The typical microscopic morphology of the Gram-positive cocci when using the Gram’s stain is represented in these three images. The tetrads of the micrococci, the “grape” like clusters of the staphylococci, and the pairs and/or chains of the streptococci are shown.
After observation of the colony and microscopic morphology, the production of catalase by the isolate is documented. This simple-to-perform test categorizes the Gram-positive cocci as either catalase producers (+) or non-producers (-). Catalase is an enzyme produced by the organism to neutralize the toxic effects of hydrogen peroxide in the environment of the cell. The laboratory assay is performed by mixing a sample of the bacterial colony with a drop(s) of hydrogen peroxide placed on a microscope slide. Catalase, if present, will break down the hydrogen peroxide to water and oxygen. Production of bubbles indicates a positive reaction. Care must be taken when using a sample of organism acquired from a sBAP since erythrocytes also produce catalase.

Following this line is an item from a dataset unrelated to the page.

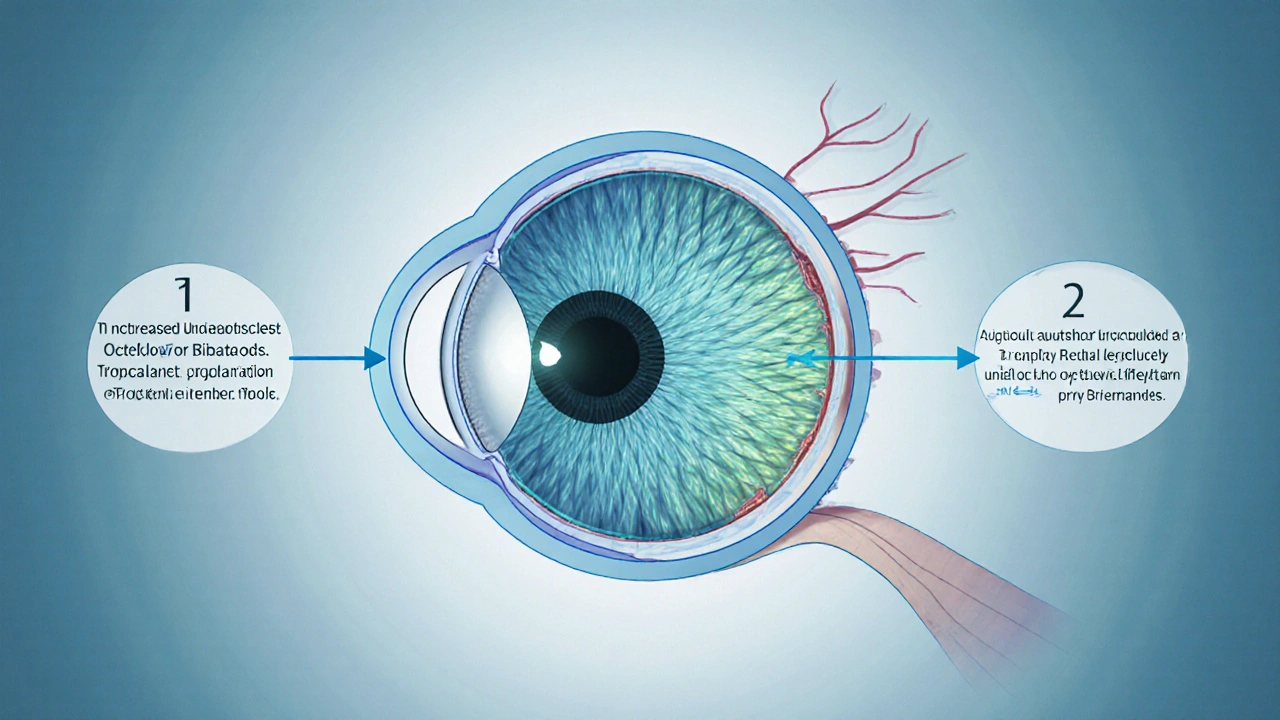 Illustrated eye cross‑section showing fluid pathways for different glaucoma drugs with flow arrows.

The bubbling reaction is almost immediate and distinct in appearance. The staphylococci and micrococci are catalase producers while the streptococci, enterococci, and a variety of other Gram-positive cocci are catalase-negative.
Once a presumptive identification has been made based on colony and microscopic morphology and the catalase reaction, additional tests can be performed to establish the genus and species of the organism. For the micrococci, susceptibility to the antimicrobial agents, bacitracin and furazolidone, as well as the modified oxidase test can be performed to distinguish this group from the staphylococci. A very important test in the categorization of the staphylococci is the coagulase test. Staphylococci are either producers of the enzyme coagulase or non-producers. The pathogen, Staphylococcus aureus, is notably coagulase-positive while most other members of the family are coagulase-negative. The streptococci and enterococci are categorized by expression of either beta, alpha, or gamma hemolysis on sBAP, depending on the genus/species. Some streptococci also possess unique cell wall carbohydrate antigens that can be identified by reactivity with specific indicator antibodies in an agglutination assay (Lancefield typing). Because of their diversity, there are a variety of biochemical tests that are used by laboratories to identify the Gram-positive cocci. Each genus lends itself to a separate tutorial.

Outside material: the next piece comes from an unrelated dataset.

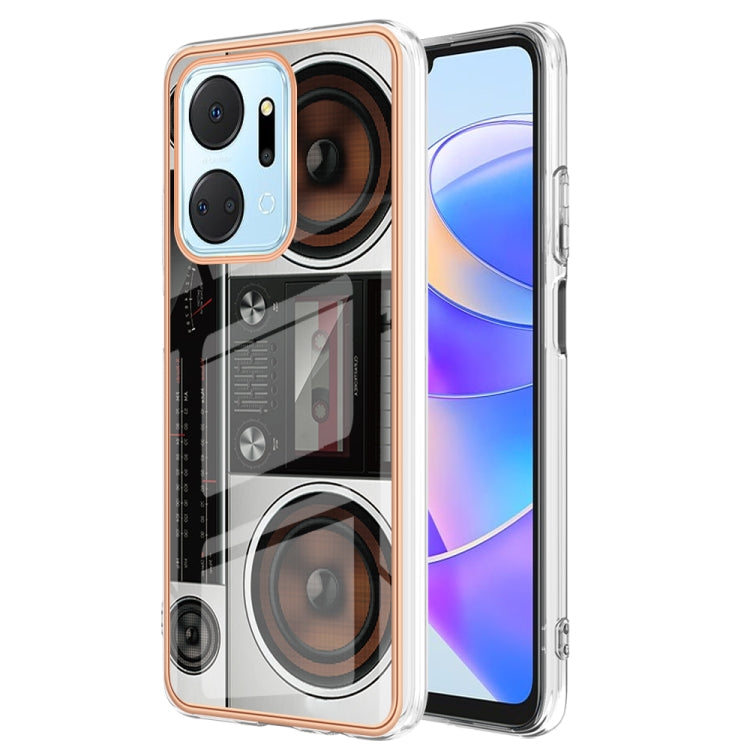 For Honor X7a Electroplating Marble Dual-side IMD Phone Case(Retro Radio) - Honor Cases by buy2fix | Online Shopping UK | buy2fix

With the advent of newer molecular techniques, genus and species confirmation is even faster and easier.
Members of the Staphylcocci can be differentiated based on production of the enzyme coagulase. Coagulase, which is an enzyme involved in the conversion of serum fibrinogen to fibrin, causes the clotting of plasma. Coagulase production is used as a virulence factor by the organism. All pathogenic strains of S. aureus are coagulase positive whereas the nonpathogenic species (S. epidermidis for example) are coagulase negative.
The coagulase test is performed by mixing a sample of organism with rabbit plasma. Following incubation at 37oC, if the plasma forms a clot, the organism is coagulase positive.
A summary table is included which lists the results of the identification criteria discussed in the tutorial.
Lastly, do not underestimate the variety of different genera in the four families of the Gram- positive cocci that can, under the right circumstances, move from relatively harmless saprophytes to disease-producing opportunists. Although the initial placement of the Gram- positive cocci into broad categories is relatively easy, further classification of some isolates can be challenging and requires a battery of tests to arrive at a definitive identification.
Thank you for joining me, Karen Krisher, on this Pearl of Laboratory Medicine on “Basics of Differentiation of Gram-positive Cocci.”